L’auteur livre ici un témoignage à la première personne. Sa démarche permet au lecteur de franchir le tournant, souvent idéalisé, des printemps arabes. Si les diplomaties française, britannique et américaine se sont désintéressées de la Libye durant la période 2012-2014, le livre, lui, va dans le sens inverse. Il s’attelle à faire un lien, tant bien que mal, entre la fausse paix de novembre 2011 et le démarrage, en mai 2014, de l’actuelle guerre civile libyenne.
On découvre ainsi que le pays n’a guère été détruit en 2011. À maints égards, la Libye était debout et fonctionnait pendant les premiers mois de 2012. Durant cette période clé, plusieurs opportunités furent manquées. Depuis le choc frontal de 2014 – entre les deux principales factions libyennes – jusqu’à aujourd’hui, le livre continue à suivre l’anarchie toujours changeante du pays, dont la complexité est chroniquement sous-estimée par les non-experts. Cette continuité temporelle, mariée à une description souvent sensorielle des atmosphères si variées d’un territoire vaste comme trois fois la France, est la contribution majeure de Wehrey.

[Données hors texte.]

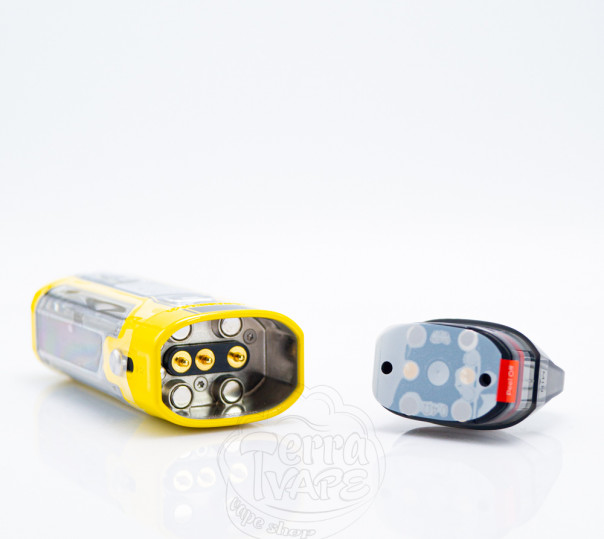 Vaporesso Luxe X Pro Kit 1500mAh Багаторазова POD система Vaporesso Luxe X Pro Kit 1500mAh Багаторазова POD система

La plupart des chapitres ont été rédigés en temps réel, au fil des séjours de terrain de l’ancien officier des forces aériennes, aussi bien à l’est qu’à l’ouest du pays depuis 2011.
The Burning Shores n’est pas un ouvrage académique ; il évite le jargon abstrait des politologues et le paternalisme des sociologues : quelques universitaires refuseront sans doute de le saluer. Il est pourtant extrêmement utile. Sans sur-simplifier ni dramatiser son propos, il constitue une intelligente introduction pour tous ceux (y compris universitaires…) qui souhaitent se pencher pour la première fois sur la Libye post-Kadhafi.

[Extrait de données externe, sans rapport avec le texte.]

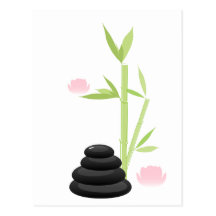 Zen Postcard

Quelques reproches peuvent toutefois être faits à Wehrey. Par exemple, on détecte chez lui un certain biais en faveur de l’OTAN. En septembre-octobre 2011, les bombes françaises, britanniques et américaines avaient joué un rôle dans la dévastation de la ville de Syrte, qui deviendra en 2015 le bastion de Daech aux portes de l’Union européenne. Cette réalité n’apparaît guère.

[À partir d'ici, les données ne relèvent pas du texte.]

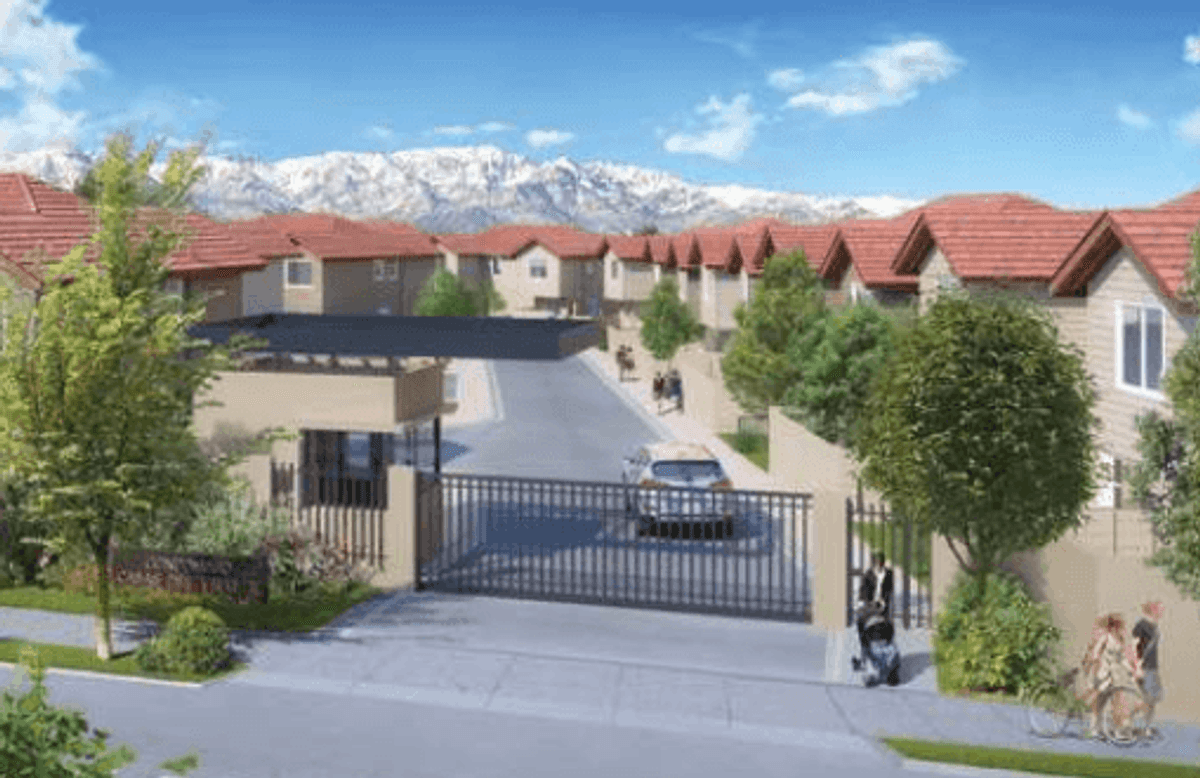 Áreas comunes — Condomino Casas del Valle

Dans les mois à venir, d’autres ouvrages consacrés à la Libye post-2011 seront publiés, dont notamment celui du journaliste de l’agence Reuters, Ulf Laessing, et celui du professeur de Paris 8 Ali Bensaâd. En attendant, celui de Wehrey saura mériter l’attention de toute personne s’intéressant au grand Moyen-Orient actuel.